Whether you’re on-the-go or pressed for time, this frittata by the LbF First Laidy is the perfect option for a lunch that’s easy, satisfying and straight-up nourishing! Savor it warm with a side of roasted vegetables or enjoy it cold with your favorite side salad. We promise, your future self will thank you for having this on hand when hunger strikes!
Prep time: 15 minutes
Total time: 45-50 minutes
- 1-2 small sweet potatoes, sliced thinly
- 2-3 slices high-quality bacon
- 1 white or yellow onion, sliced thin
- 1-2 cups of spinach
- 6 eggs
- 1 cup of almond milk
- Salt and pepper to taste
- Preheat your oven to 375 degrees F.
- Grease a glass pie dish with grass-fed butter or coconut oil. Line the bottom and sides of the dish with the sliced sweet potatoes and bake for 15 minutes.
- While the sweet potatoes are baking, cook the bacon and set aside.

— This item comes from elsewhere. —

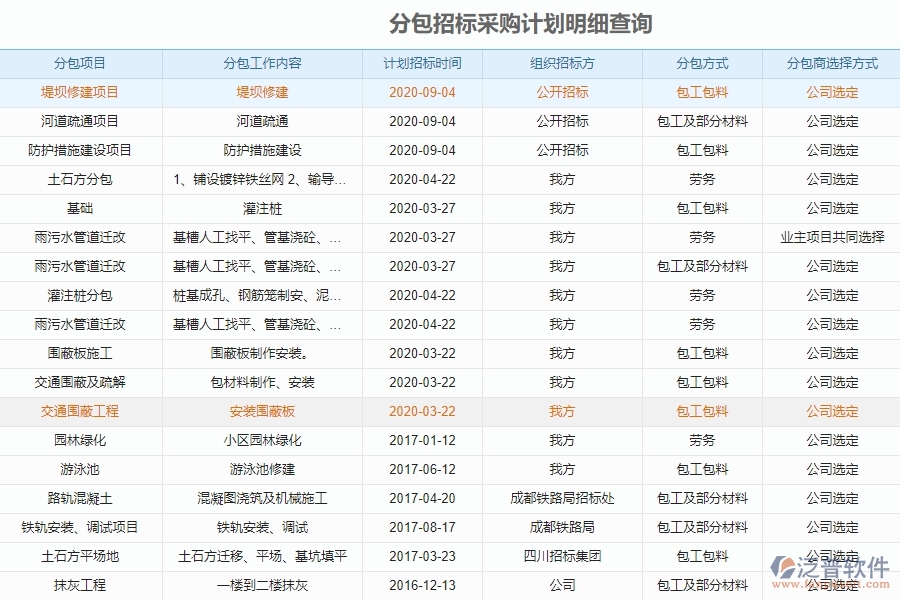 泛普電力工程項(xiàng)目管理系統(tǒng)在分包招標(biāo)采購(gòu)計(jì)劃明細(xì)查詢(xún)中的優(yōu)勢(shì)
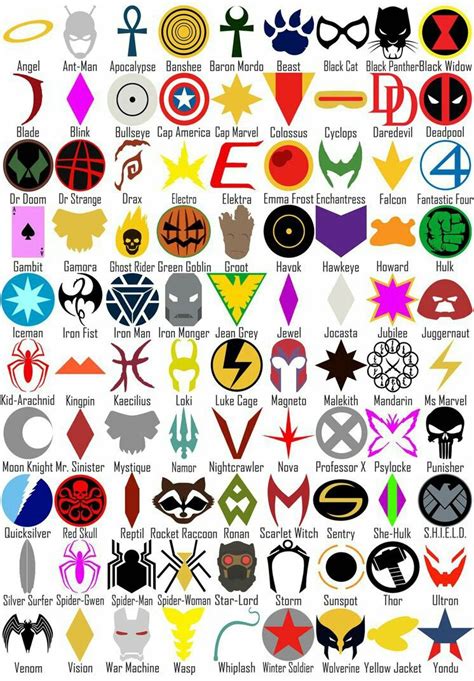 Pin by A ... on Comic book marvel | Marvel tattoos, Marvel logo ...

Reduce heat to medium and sauté the onions and the spinach in the bacon fat.
- In a medium bowl, whisk together the eggs and the milk
- Once the sweet potato crust has finished baking, add the spinach and onion mix to the crust, then add the egg mixture on top. Sprinkle with bacon bits, salt and pepper.
- Place the pie dish back in the oven and bake for 30 to 35 minutes, until golden.